▶ **Exercise goal**: In the material below, the lines from the one containing "WaterHog Diamond |" through the one containing "Seattle Mariners Ichiro" are to be given again exactly, ends included, and no others.

▶ **Extracted data**:
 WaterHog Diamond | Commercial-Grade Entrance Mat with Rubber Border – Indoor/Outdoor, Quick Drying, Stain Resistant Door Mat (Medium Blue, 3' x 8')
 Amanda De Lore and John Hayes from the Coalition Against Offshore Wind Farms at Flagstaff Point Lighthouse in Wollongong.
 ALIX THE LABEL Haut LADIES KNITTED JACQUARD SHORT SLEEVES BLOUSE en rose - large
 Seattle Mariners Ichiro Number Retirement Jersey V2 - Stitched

==

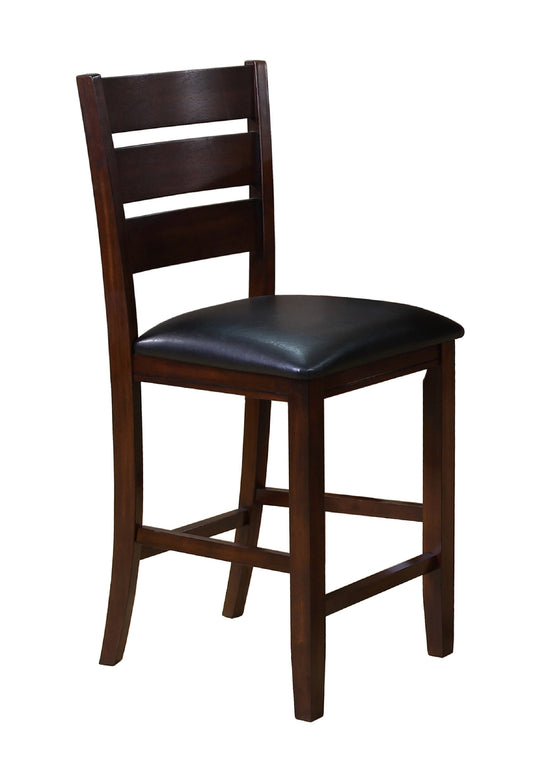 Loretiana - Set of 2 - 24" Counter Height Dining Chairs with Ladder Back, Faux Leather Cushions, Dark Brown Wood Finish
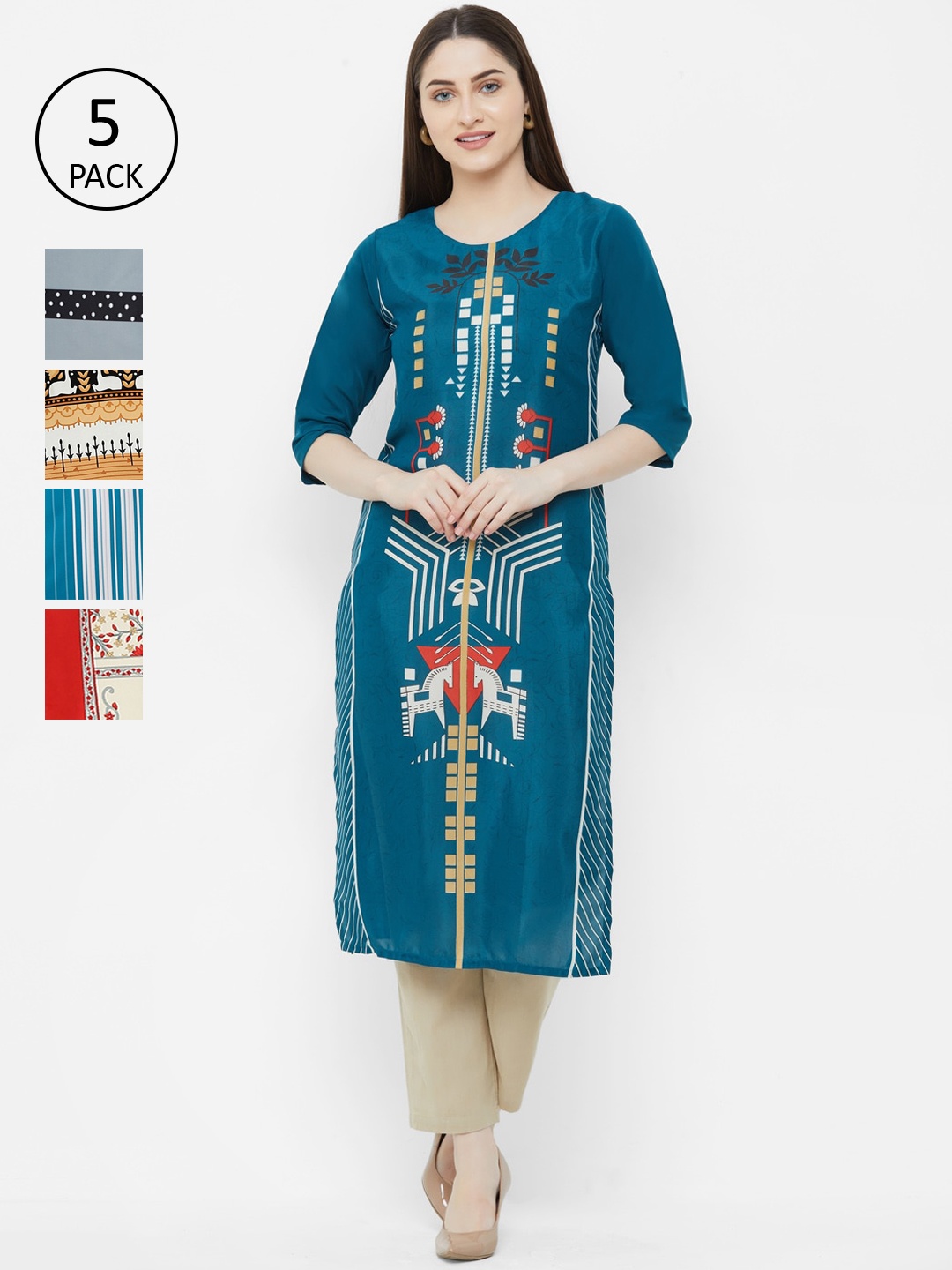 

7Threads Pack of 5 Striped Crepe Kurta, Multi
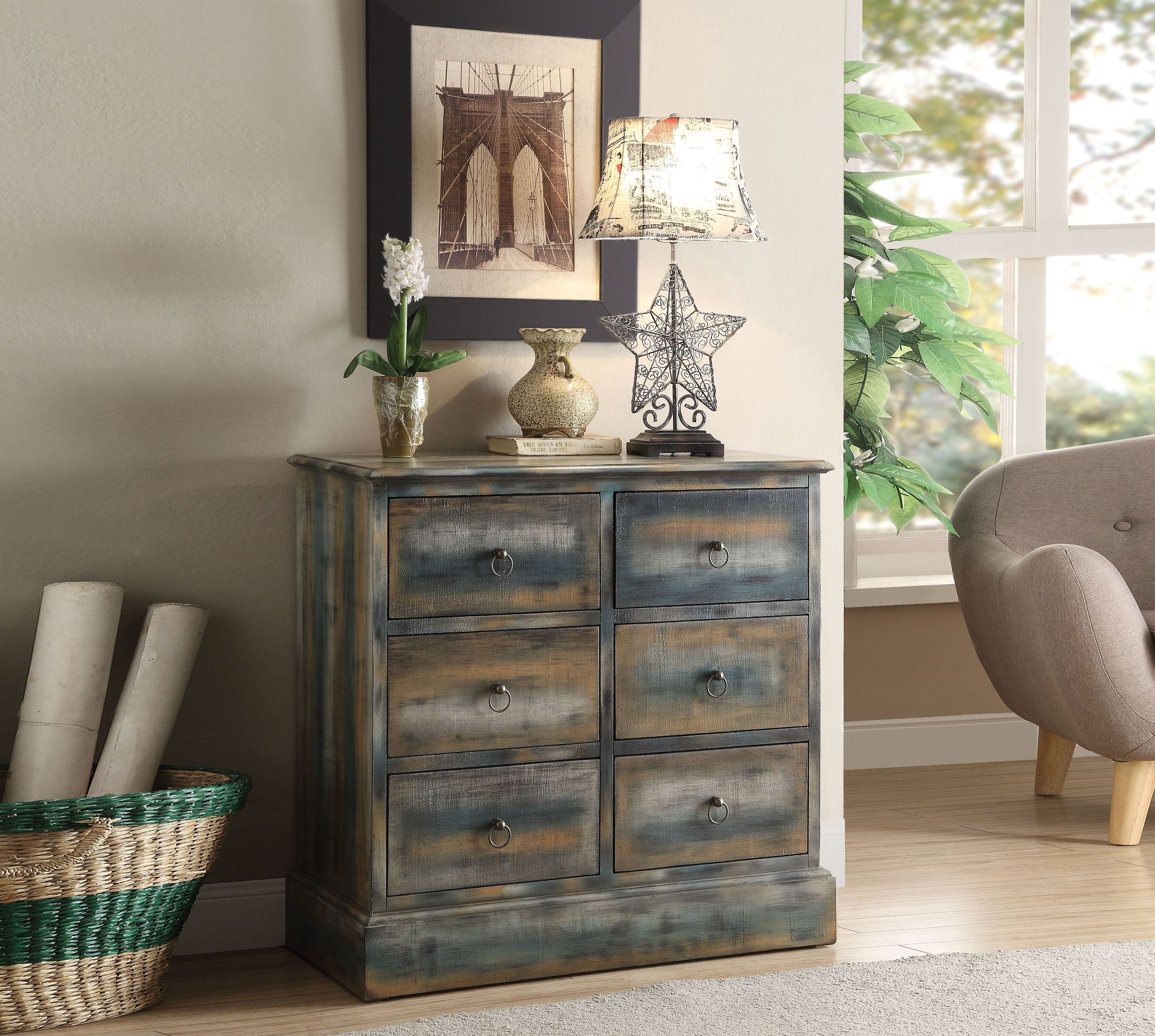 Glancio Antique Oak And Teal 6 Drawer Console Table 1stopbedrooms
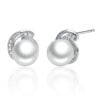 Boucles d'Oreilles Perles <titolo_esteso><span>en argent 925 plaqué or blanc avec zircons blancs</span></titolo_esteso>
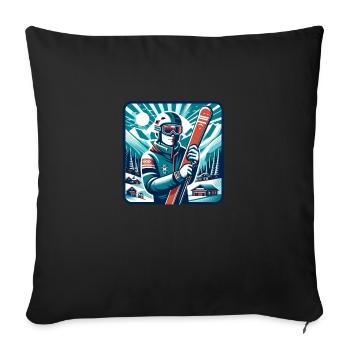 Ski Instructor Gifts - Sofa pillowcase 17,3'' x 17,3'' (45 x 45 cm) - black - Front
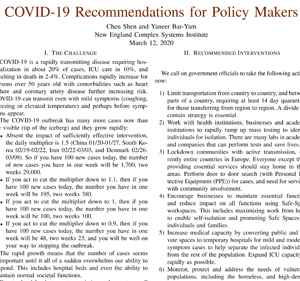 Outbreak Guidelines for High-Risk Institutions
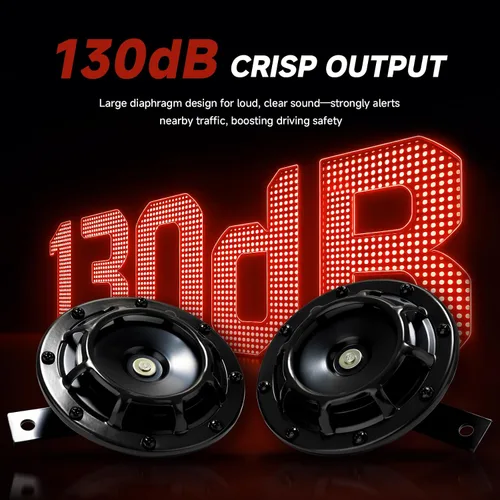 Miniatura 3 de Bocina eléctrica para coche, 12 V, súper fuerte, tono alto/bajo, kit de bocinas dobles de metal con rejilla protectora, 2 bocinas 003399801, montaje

* * *

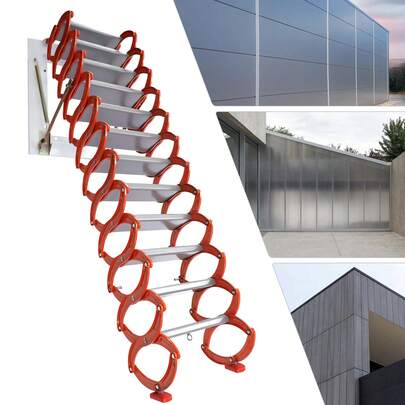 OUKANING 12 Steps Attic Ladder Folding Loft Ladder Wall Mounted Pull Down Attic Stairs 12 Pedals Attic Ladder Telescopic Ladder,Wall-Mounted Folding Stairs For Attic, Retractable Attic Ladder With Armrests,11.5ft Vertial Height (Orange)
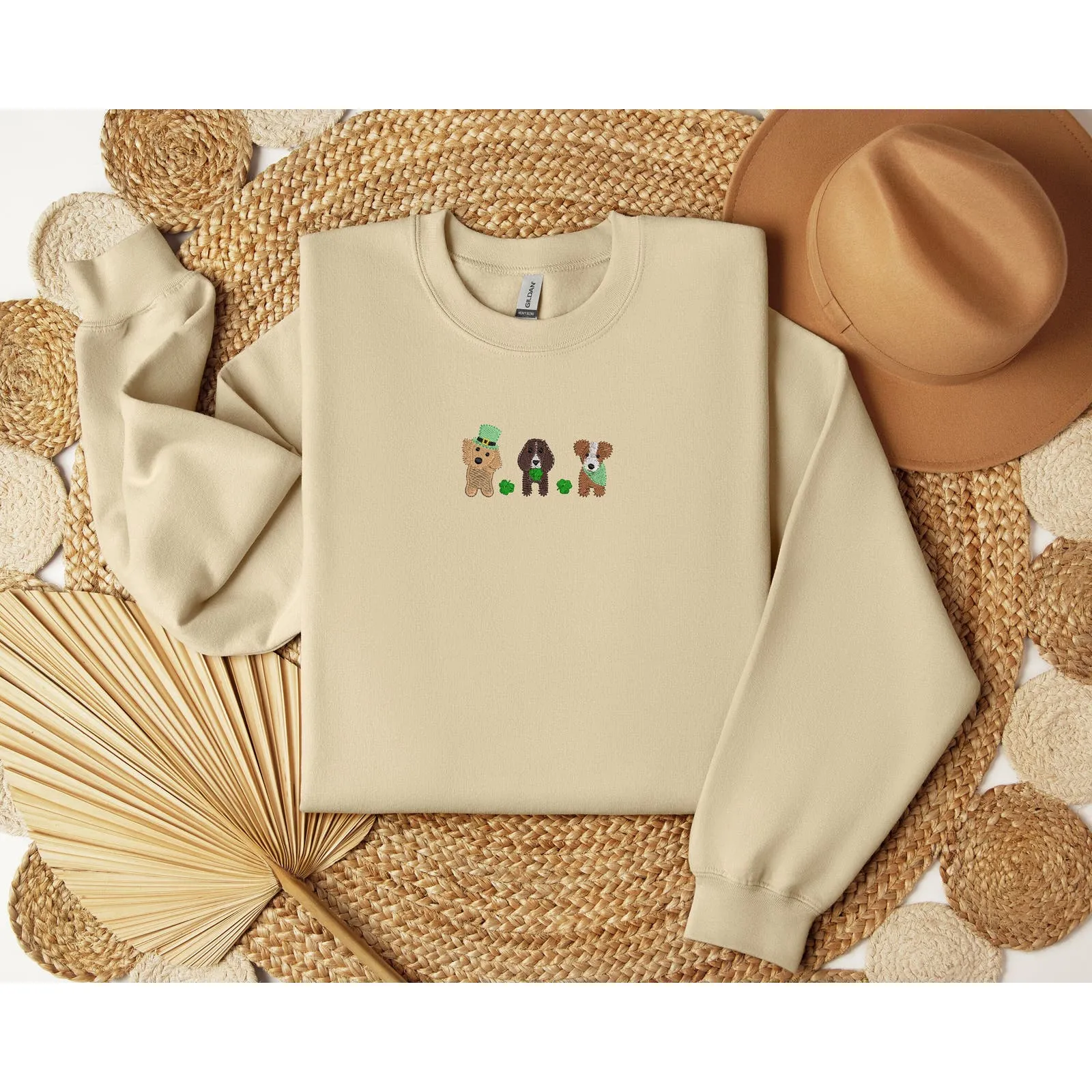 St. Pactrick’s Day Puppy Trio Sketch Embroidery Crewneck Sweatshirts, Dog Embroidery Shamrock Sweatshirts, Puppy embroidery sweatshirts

▶ **Response area**:
 WaterHog Diamond | Commercial-Grade Entrance Mat with Rubber Border – Indoor/Outdoor, Quick Drying, Stain Resistant Door Mat (Medium Blue, 3' x 8')
 Amanda De Lore and John Hayes from the Coalition Against Offshore Wind Farms at Flagstaff Point Lighthouse in Wollongong.
 ALIX THE LABEL Haut LADIES KNITTED JACQUARD SHORT SLEEVES BLOUSE en rose - large
 Seattle Mariners Ichiro Number Retirement Jersey V2 - Stitched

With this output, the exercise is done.